Enquanto eu caminhava, o lobo permanecia a uma distância que eu não conseguia definir com precisão, os olhos sempre fixos em mim. Em determinado momento, os grunhidos e os sons vindos da floresta aumentaram, como se outro animal se juntasse àquilo, tornando a atmosfera ainda mais carregada de tensão. Senti meu corpo se arrepiar, e a vontade de fugir se intensificou.

“Não, não posso parar agora… preciso ir”, falei, com a respiração entrecortada.

Mas, no ímpeto do medo e da exaustão, perdi o equilíbrio novamente. Meu pé escorregou em uma poça de água mal iluminada, e eu caí de bruços. Desta vez, a queda foi mais violenta e o impacto fez um som surdo no asfalto. O joelho já machucado rangia de dor, e lágrimas começaram a se formar nos meus olhos, tanto pelo sofrimento físico quanto pela angústia que sentia.

“Maldição…”, murmurei, tentando me recompor. Enquanto permanecia deitada por alguns longos segundos, escutei o som dos galhos se quebrando e passos se aproximando. A escuridão parecia fechar em volta de mim, e a imagem do lobo continuava a se destacar, quase como se ele fosse o único ponto de estabilidade naquele caos.

Concentrando-me para me levantar, coloquei minhas mãos no chão, sentindo a aspereza da calçada e a dor que percorria meu joelho. Cada movimento exigia um esforço tremendo, e eu sabia que, se não conseguisse sair dali rápido, poderia piorar a lesão. Ao me apoiar nas mãos, tentei levantar o corpo devagar, mantendo o olhar fixo na figura imponente que agora parecia cada vez mais próxima.

“Calma, calma…”, repeti novamente, a voz baixa, mas decidida, como se fosse uma oração para afastar o perigo.

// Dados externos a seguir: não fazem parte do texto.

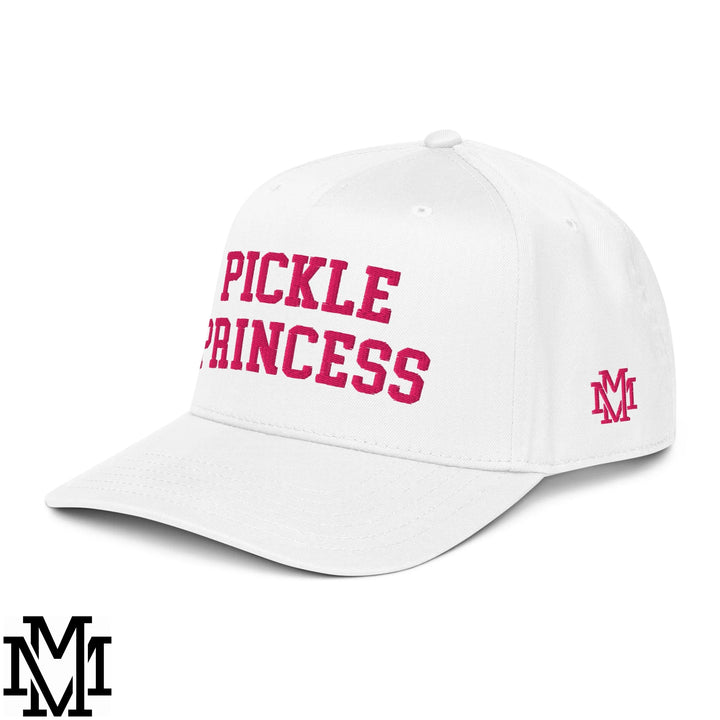 Pickle Princess Embroidered Baseball Snapback Hat - White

Enquanto me ergui, senti uma onda de coragem misturada com o medo. 

Ao ficar de pé, apoiada apenas na dor do joelho, observei o lobo com atenção. Ele estava parado, com as orelhas erguidas e os olhos brilhando na escuridão. Seu pelo, iluminado de vez em quando pelo luar que surgia entre as nuvens, parecia tão macio quanto a seda, mas seu olhar carregava uma intensidade que me fazia arrepiar. Sua boca parecia, estranhamente, dar um sorriso.

“O que você quer de mim?”, perguntei em voz baixa, como se esperasse que ele me respondesse. Mas ele não respondeu com palavras, apenas permaneceu ali, me encarando. Senti meu coração dispara. Talvez, pensei, se ele não me atacasse, poderia haver uma forma de entender o que estava acontecendo.

Num impulso, decidi falar novamente, desta vez com mais firmeza:

“Olha, eu não sei o que está acontecendo, mas se você não tem intenção de me fazer mal, eu só quero ir embora. Não quero briga, só quero chegar em casa.”

O lobo então começou a caminhar em direção a mim com um olhar sanguinário, como se tivesse achado sua presa. 

Enquanto isso, a dor no meu joelho insistia em me lembrar que eu estava ferida. Senti um calor estranho subir pelo meu rosto, talvez da vergonha por ter caído, talvez da emoção do que estava vivendo. 

Meus olhos se arregalaram e ele então atacou.